L’aspect critique de Gassendi se retrouve aussi dans l’examen qu’il fait des Méditations métaphysiques de Descartes. De 1641 à 1642, à Paris, il se retrouve pris dans une polémique l’opposant au philosophe. En 1644, il publie un ouvrage intitulé Disquisitio metaphysica qui rassemble les textes anticartésiens écrits pendant cette période.
Gassendi critique la méthode cartésienne (son dogmatisme, l’arbitraire de ses démarches, sa prétention à atteindre des vérités par la pensée pure), le cogito (la connaissance de l’âme par elle-même comme essence et substance) et la critique des preuves de l’existence de Dieu (Gassendi conteste la positivité de l’idée d’infini).
Toutes les orientations de Gassendi se retrouvent pour l’essentiel dans le projet qu’il mène pour réhabiliter Epicure et la philosophie du Jardin, et qui donne lieu à trois publications :
De vita et moribus Epicuri (1647),
Animadversiones in decimum librum Diogenis Laertii (1649) et le
Syntagma philosophicum (1658, Opera omnia, Tome III).

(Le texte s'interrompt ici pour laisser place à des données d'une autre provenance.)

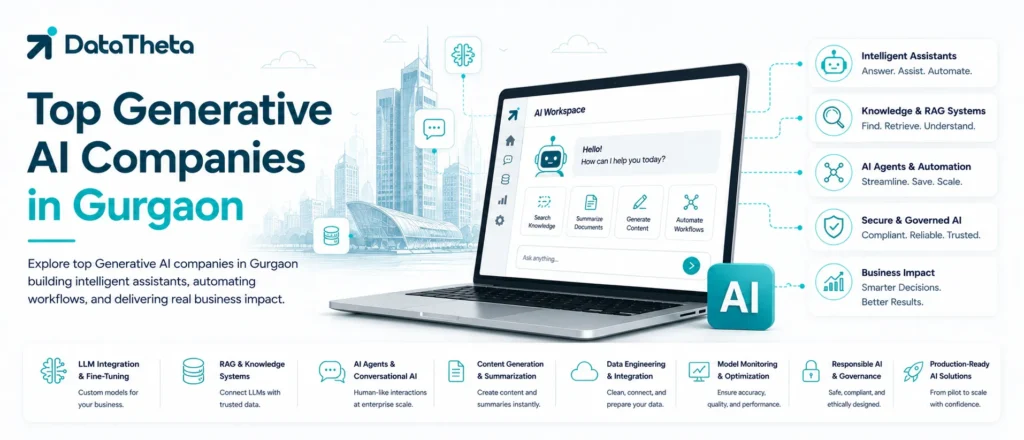 Top Generative AI Companies in Gurgaon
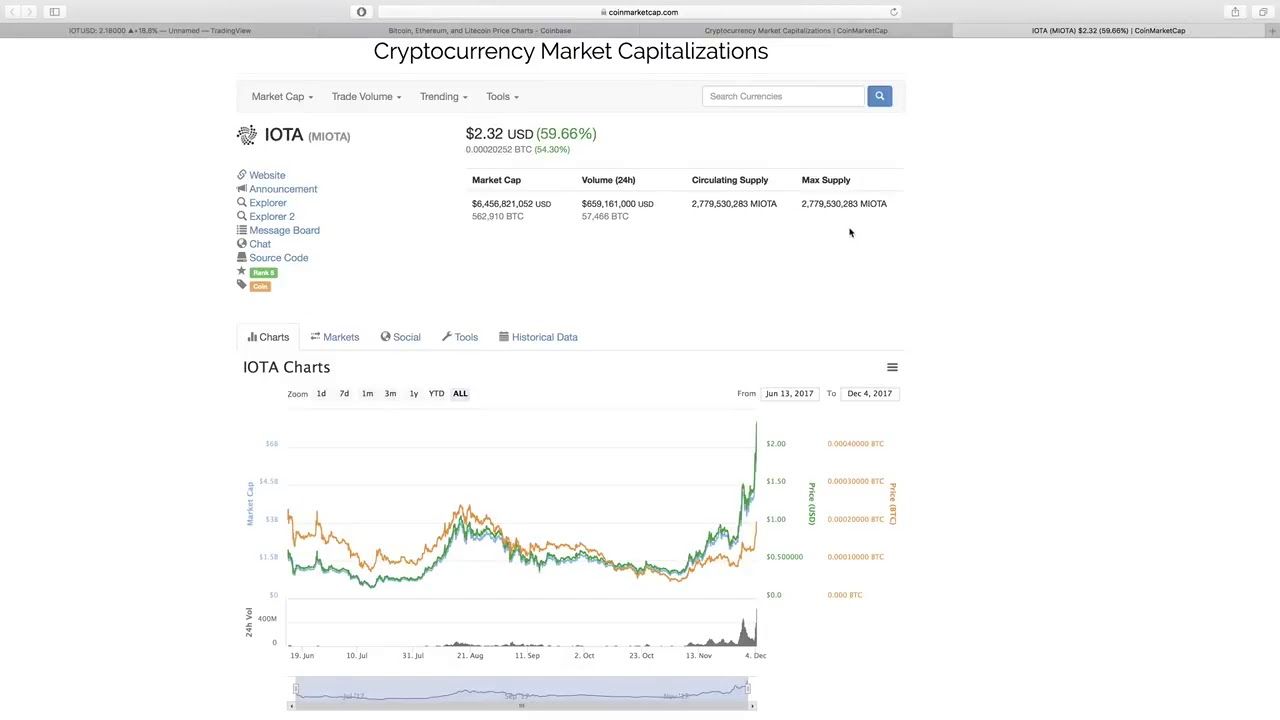 Will IOTA Go OVER 40 In 2018 And 2019 ! (Solving the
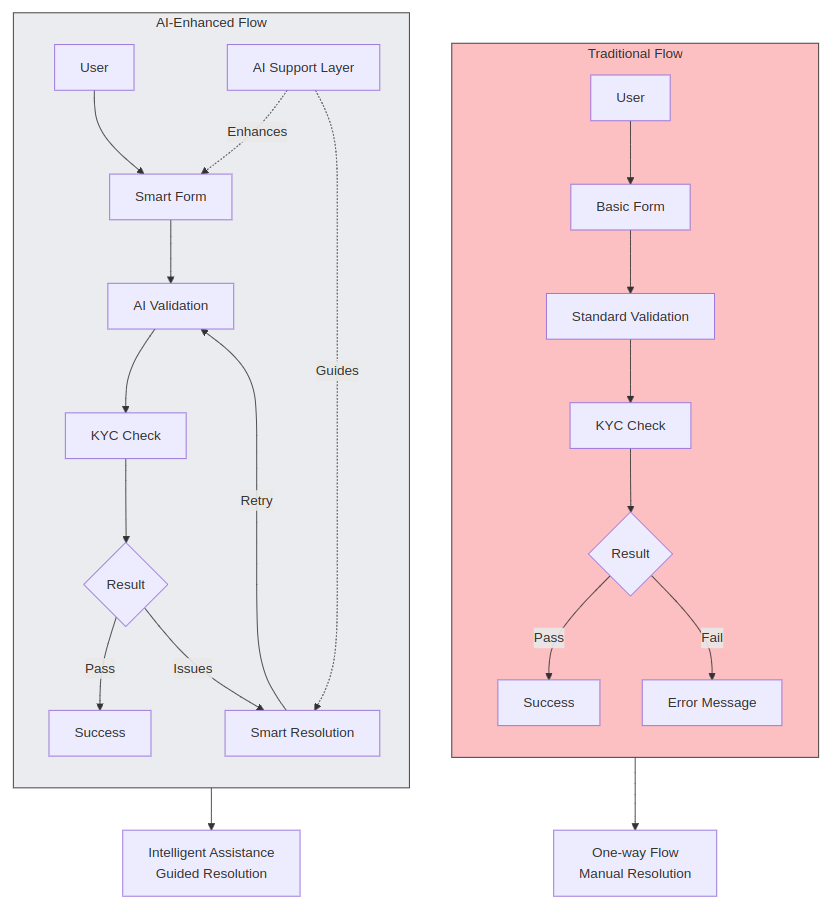Comparison of AI-Enhanced Flow vs Traditional Flow for KYC check, highlighting smart forms, AI validation, and manual resolution.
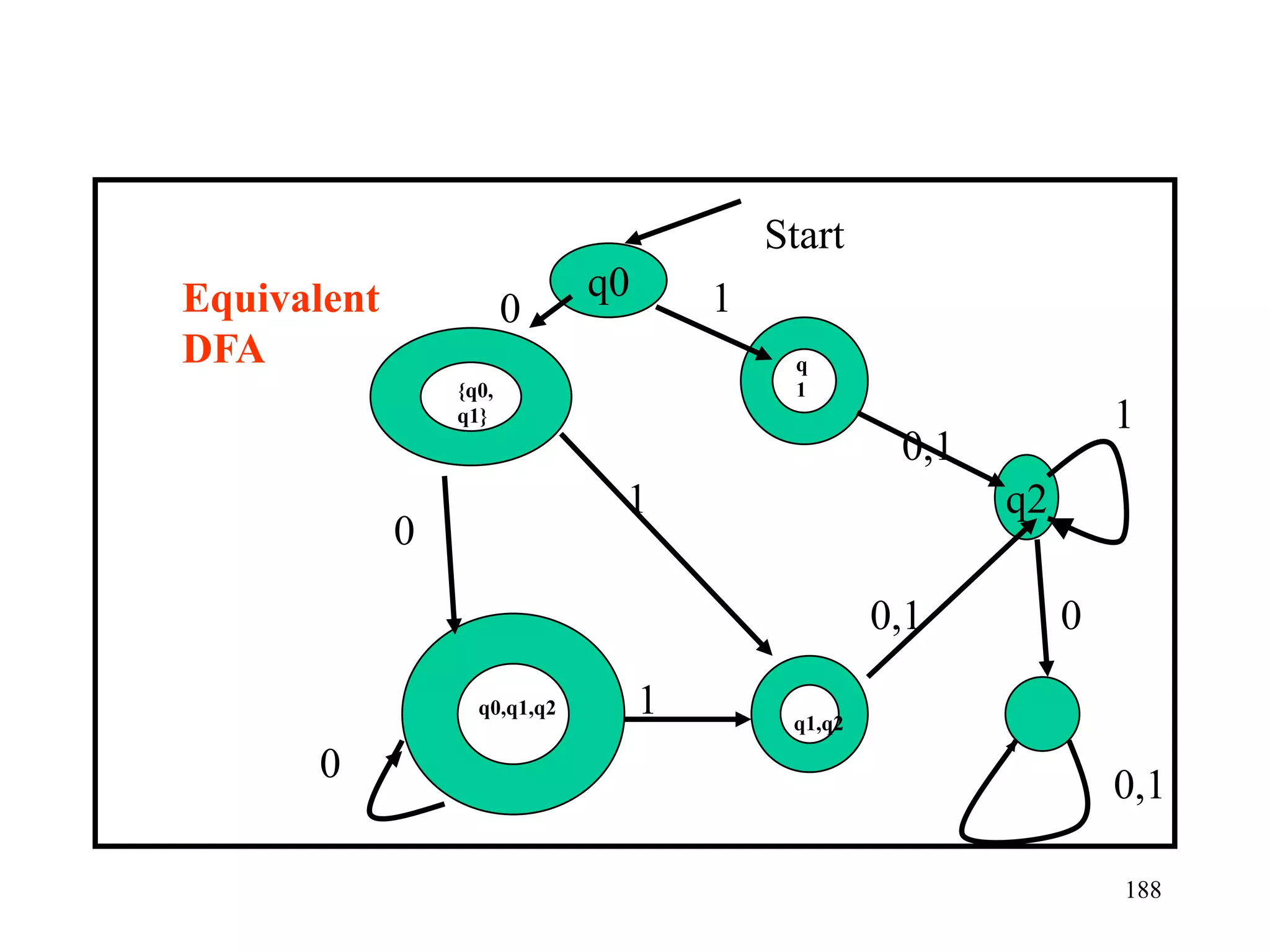 Start
Equivalent                    q0       1
                        0
DFA                                         q
                 {q0,                       1
                 q1}                                                1
                                                     0,1
                               1                           q2
             0
                                                    0,1         0

                   q0,q1,q2        1        q1,q2

      0                                                             0,1

                                                                    188
 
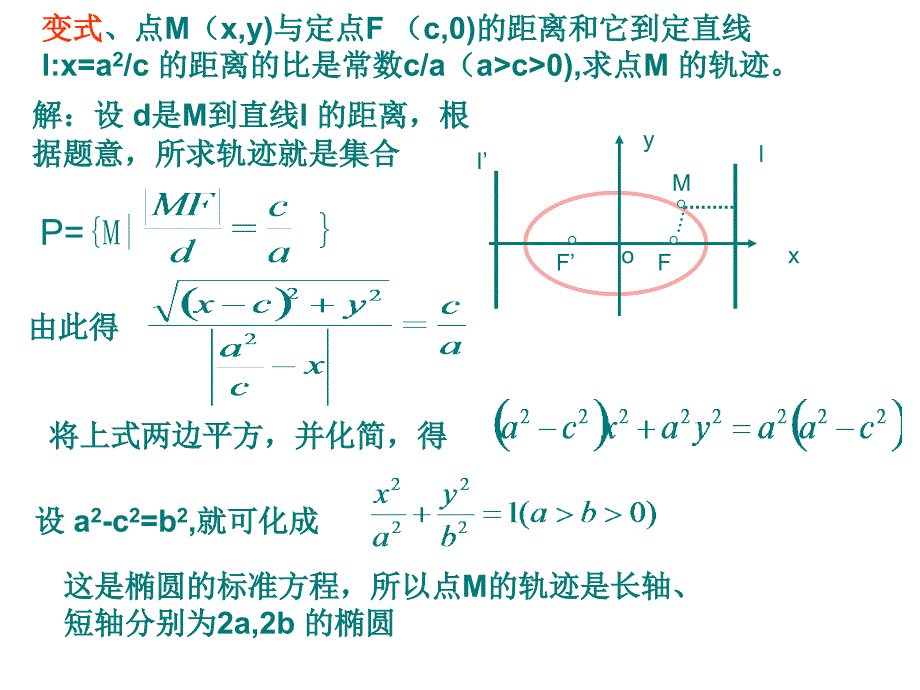 [2017年整理]2.2.2椭圆的简单几何性质(二)_第4页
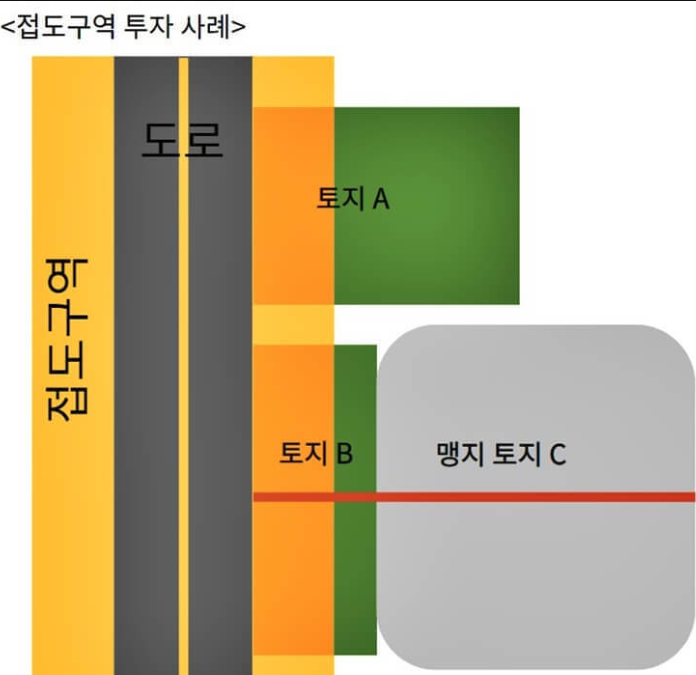  접도 구역과 완충녹지의 구분 및 투자 시 유의사항
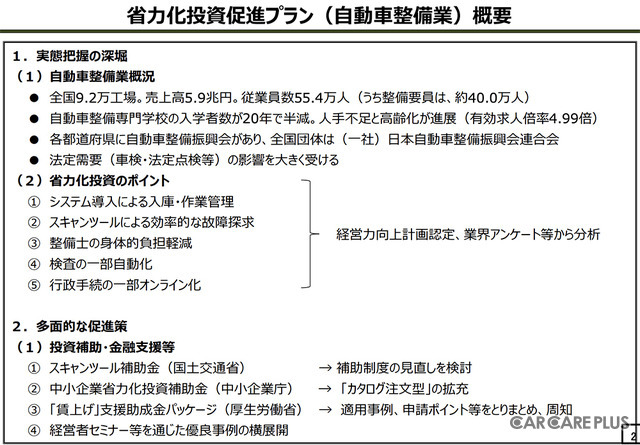 自動車整備事業者向け「省力化投資促進プラン」で投資補助・金融支援を強化…国土交通省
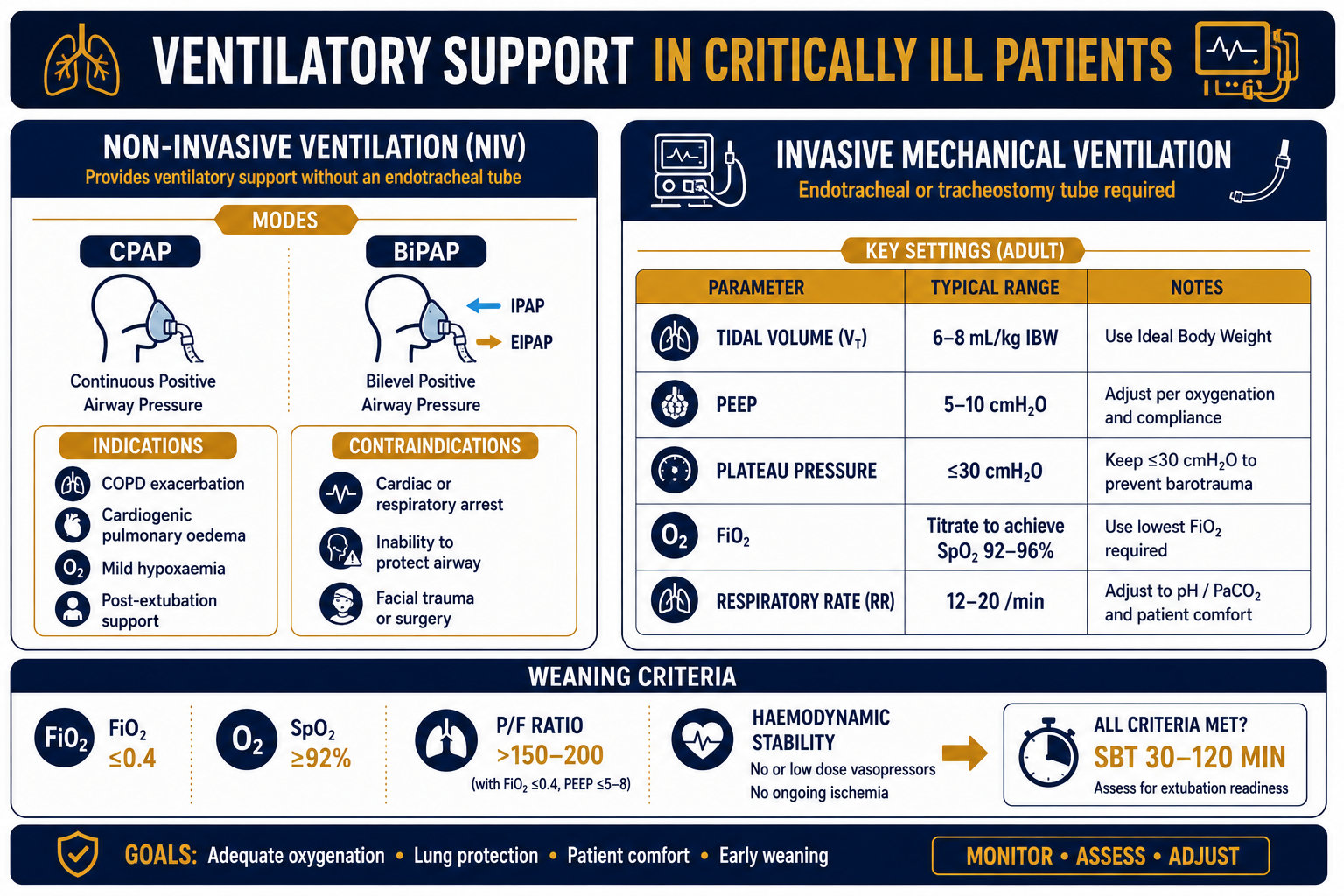 Ventilatory Support — NIV vs Invasive MV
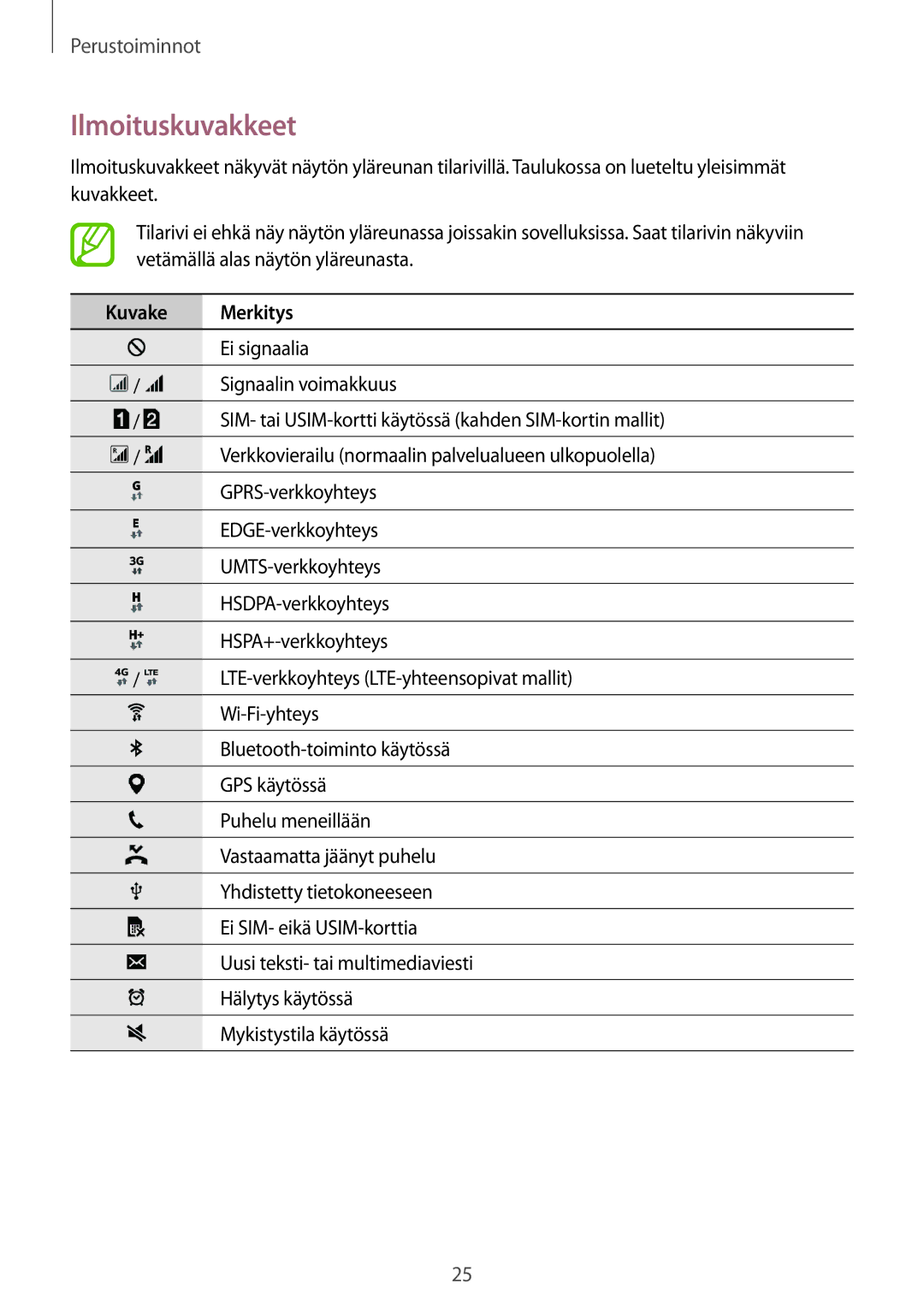 Samsung SM-J100HZKATEN, SM-J100HZWATEN, SM-J100HZWANEE, SM-J100HZKANEE, SM-J100HZBANEE Ilmoituskuvakkeet, Kuvake Merkitys 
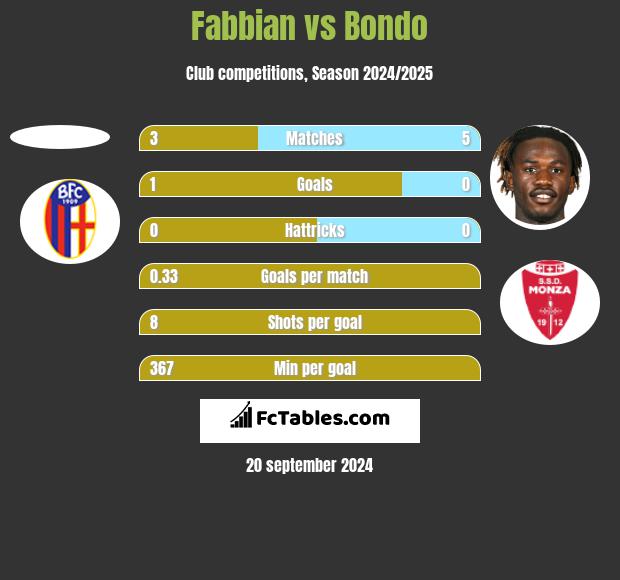 Fabbian vs Bondo h2h player stats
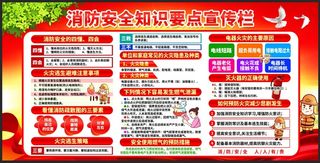 消防安全知识要点宣传栏
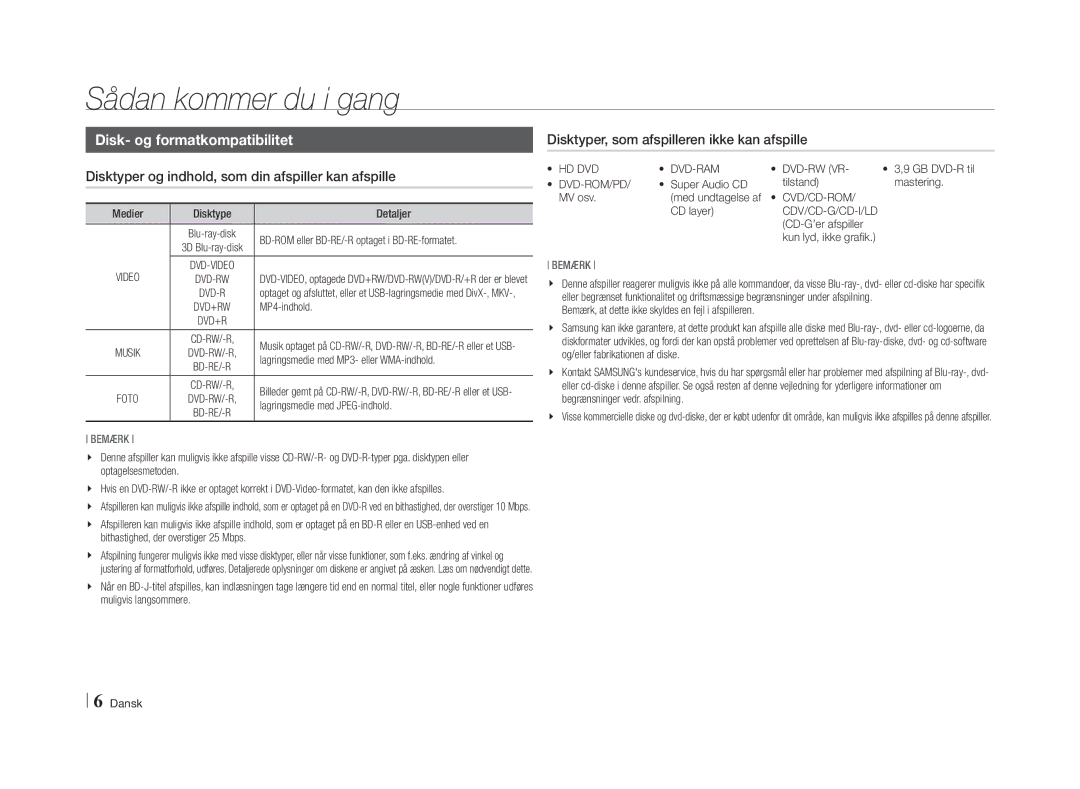 Samsung BD-E5500/XE Sådan kommer du i gang, Disk- og formatkompatibilitet, Disktyper, som afspilleren ikke kan afspille 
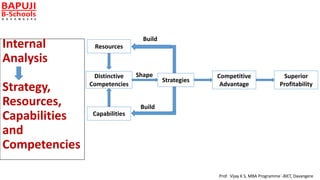 Internal analysis strategic management | PPTX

Gassendi reformule la logique d’Épicure pour qu’elle serve de fondement à la nouvelle science et à ses méthodes empiriques. La réhabilitation morale du philosophe lui permet de dépasser la contradiction apparente entre christianisme et épicurisme. Ainsi, il crée son propre système philosophique, qui articule logique, éthique et atomisme épicuriens avec la doctrine de la création du monde par Dieu, de la Providence, de l’incorporéité et de l’immortalité de l’âme. Faisant de l’éthique la question centrale de la philosophie, Gassendi pose le plaisir comme finalité de l’homme et la philosophie comme un exercice vers une vie plus heureuse.